◆ **WORK INSTRUCTION**
Reproduce the data below word for word, setting aside any picture it holds.

Content starts

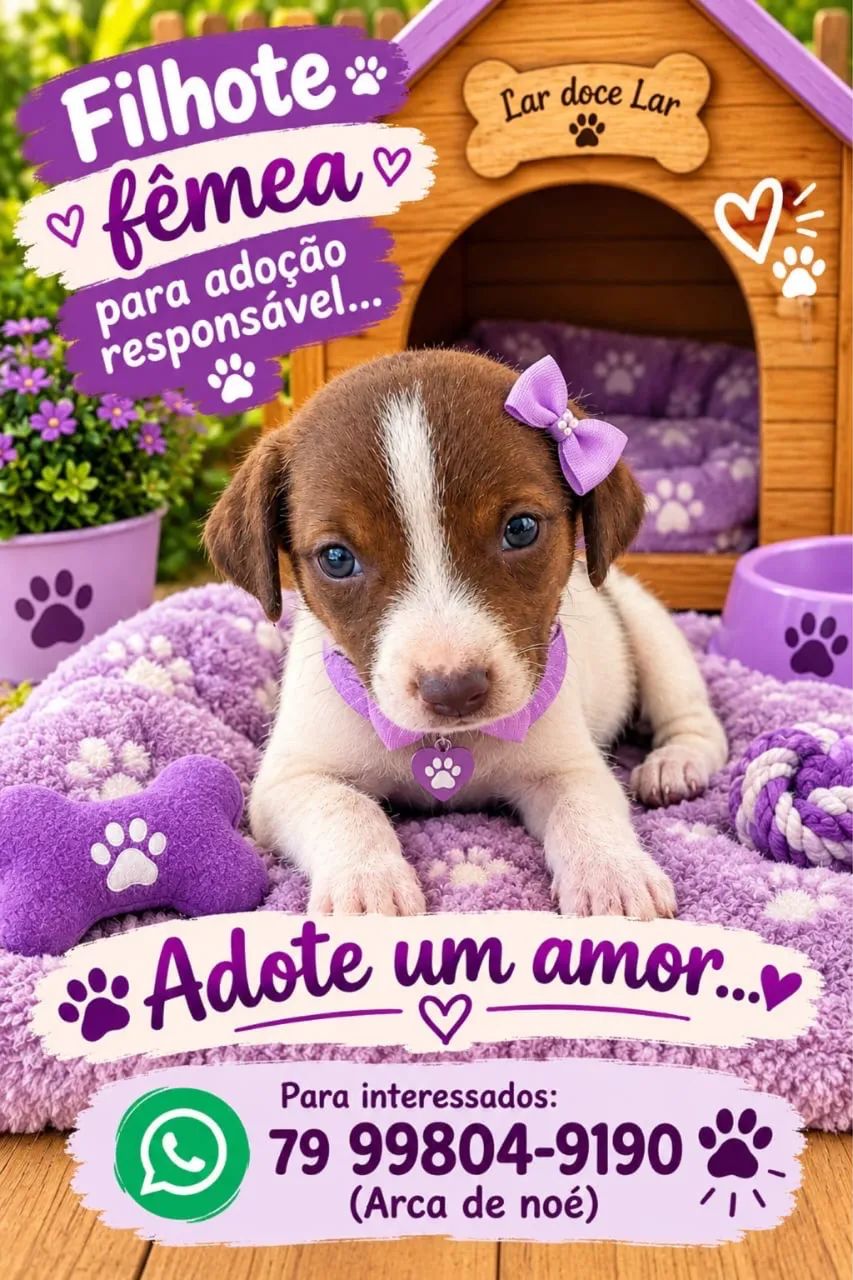 Adoção ? - Foto 5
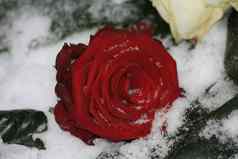 雪花红色的玫瑰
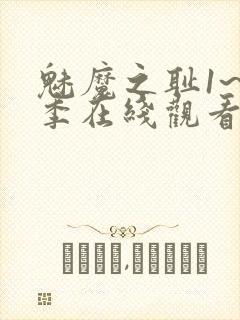 魅魔之耻1~4季在线观看封面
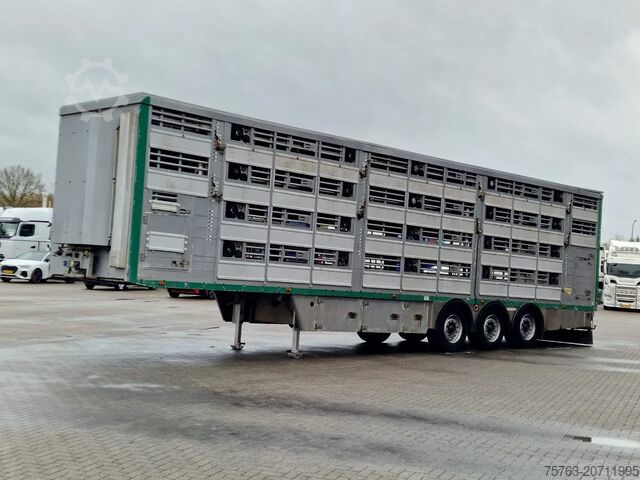 Cattle transport Pezzaioli 4 deck - Water & Ventilation - Lifting floors -...
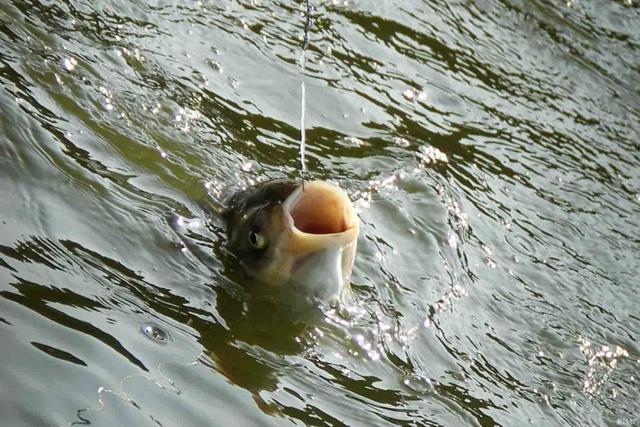 釣鰱魚餌料與鉤距離_鉤釣餌料距離鰱魚多遠好_釣鰱魚鉤子與餌的距離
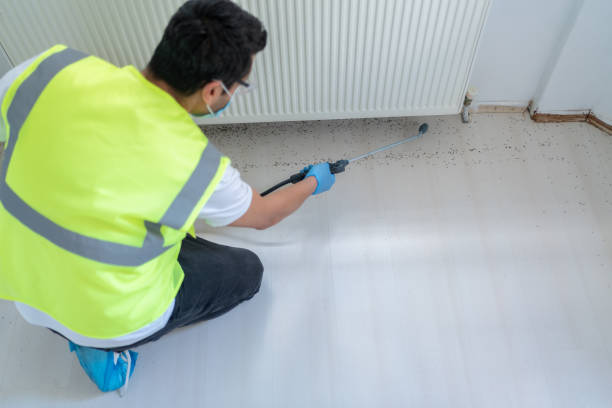 Best Fumigation Services  in Mcconnellstown, PA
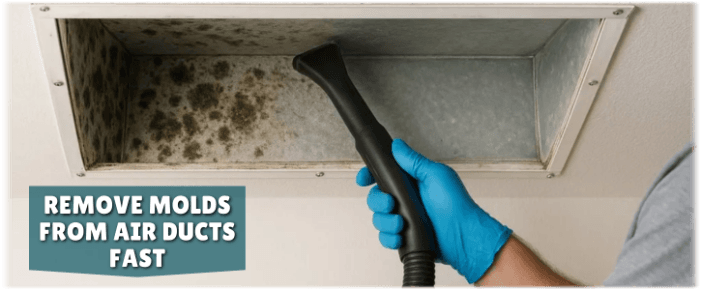 Air Duct Mold Removal in Miami FL
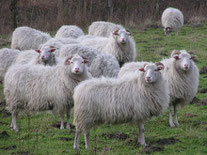 Unsere Landschaftspfleger bei der Arbeit. Foto: Albrecht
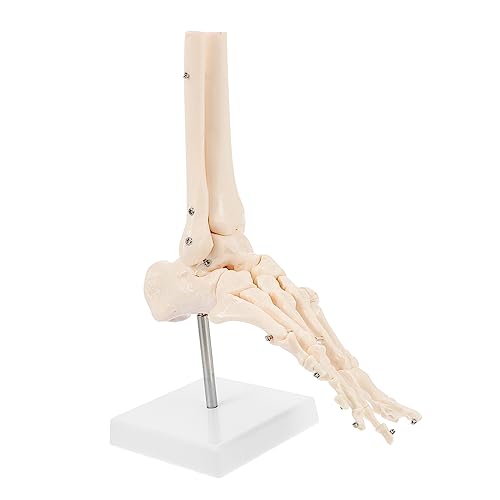 Gatuida Fußmodell Pvc Fußgelenk Menschliches Skelett Anatomie Fußknochenmodell von Gatuida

Content ends

◆ **ANSWER FOR THE TASK**
 Adoção ? - Foto 5
 雪花红色的玫瑰
 魅魔之耻1~4季在线观看封面
 Cattle transport Pezzaioli 4 deck - Water & Ventilation - Lifting floors -...
 釣鰱魚餌料與鉤距離_鉤釣餌料距離鰱魚多遠好_釣鰱魚鉤子與餌的距離
 Best Fumigation Services  in Mcconnellstown, PA
 Air Duct Mold Removal in Miami FL
 Unsere Landschaftspfleger bei der Arbeit. Foto: Albrecht
 Gatuida Fußmodell Pvc Fußgelenk Menschliches Skelett Anatomie Fußknochenmodell von Gatuida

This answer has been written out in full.